I heard something about this but didn't have details. Will pass it on to my parents to see if it applies to them.
Good. I hope this information helps. They can check the link online to see the rules in full.
I thought you had to start withdrawing from your IRA at age 59 1/2. If it's 70 1/2, I'll never see it. LOL!!
Good point of clarification J F. (And, btw, 70 1/2 is the new 50....) You indeed can start taking direct distributions from your IRA at age 59 1/2. However, you're not REQUIRED to do so until age 70 1/2. The annual distribution amount is set as a percentage of the value of the account at the end of the previous tax year.
I'd be more specific, but the Publication 590 tax rules on IRAs refer me to Table I and Table II in Appendix C for figuring the required distribution amount. However, I'm unable to find this on the IRS.gov site itself.
Keep on keeping on J F.!
We can't ever say we can't or wont' we never know when it will happen.
Yep, at least a waiver like this gives you the option if needed....

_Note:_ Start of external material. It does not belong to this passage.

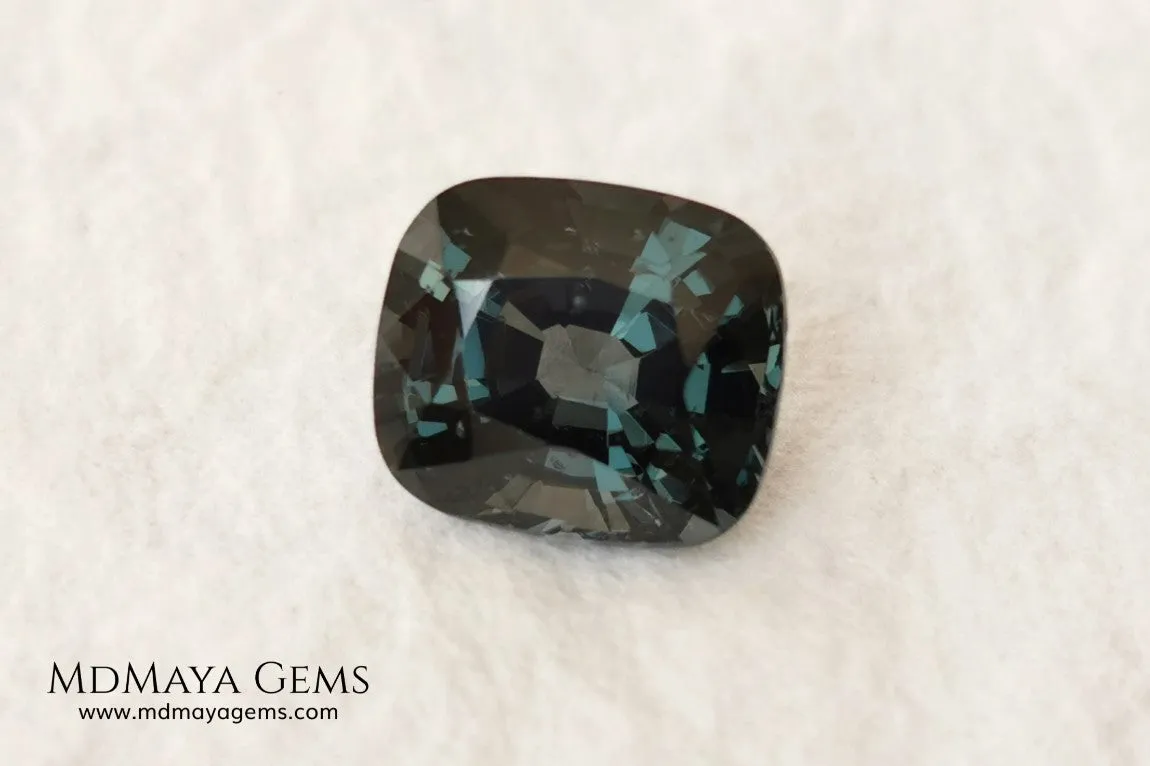 Gorgeous Greenish Gray Spinel 3.13 ct  cushion cut.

Let me point out a way to withdraw a certain amount from your IRA without having to pay income tax if you're in a certain tax bracket and meet certain requirements:
1). both spouces are 59 1/2 years or older in 2009
2). you have no other income other than Social Security
3). combined Social Security distribution is less than $1,850/month
You can withdraw up to $18,700 ($20,900 if 65 or older) from your IRA each year without incurring ANY income tax. The trick is to have your IRA distribution combined with 1/2 of Social Security distribution not exceed $32,000 for a married couple. Singles have a smaller set of numbers (max of $25,000 overall)
I was hoping you would be describing this option further Jeff. Thank you!

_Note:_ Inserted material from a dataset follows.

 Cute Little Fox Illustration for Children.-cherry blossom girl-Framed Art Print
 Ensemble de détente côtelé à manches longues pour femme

This is a standard fare for federal income tax filings for older folks (between 59.5 and 65). I'll break it down into components:
$18,700 .... IRA distribution in one year
$(7,300) … Personal Exemption
$(11,400) .. Standard deduction
…..$0.00 …. Gross income
Therefore the tax is zero.
Now if you receive $22,200 in SS distribution, take half ($1,850/months x 12 months SS distribution), and add to IRA distribution, or $18,700 + $11,100 = $29,800. If this amount is less than $32,000, then SS benefit does not incur any tax.
For 65 or older
$20,900 .... IRA distribution in one year
$(9,500) … Personal Exemption (for 65 or older)
$(11,400) .. Standard deduction
…..$0.00 …. Gross income
Therefore the tax is zero Now if you receive $22,200 in SS distribution, take half ($1,850/months x 12 months SS distribution), and add to IRA distribution, or $20,900 + $11,100 = $32,000. Since this amount is equal to $32,000, then SS benefit does not incur any tax. But be careful, if you exceed $32,000, your SS benefit above the $32,000 will be taxed at 10% tax rate.
This option does not have anything to do with RMD
I should have said: .....$0.00 .... TAXABLE income. Personal exemption and standard deduction amounts are for 2009, and is indexed to inflation rate, but $32,000 is not, so your IRA distribution may have to be decreased next year (I do not know what 2010 tax table looks like).
Most people should be able to subsist on $40,900 without earning additional income in a year if they have paid off their mortgage and have no other debts.
One more comment about higher incomes. Using above examples, but the sum of IRA distribution and 1/2 of SS benefits in one year are between $32,000 and $44,000 for a married couple (between $25,000 and $34,000 for a single), then 1/2 of your SS benefit will be taxed at 10% rate. Above $44K ($34K for single), 85 percent of SS benefit will be taxed at your current tax rate. You must do your homework to minimize your income tax - and I love paying as little tax to Uncle Sam as possible. Taxing thought, isn't it?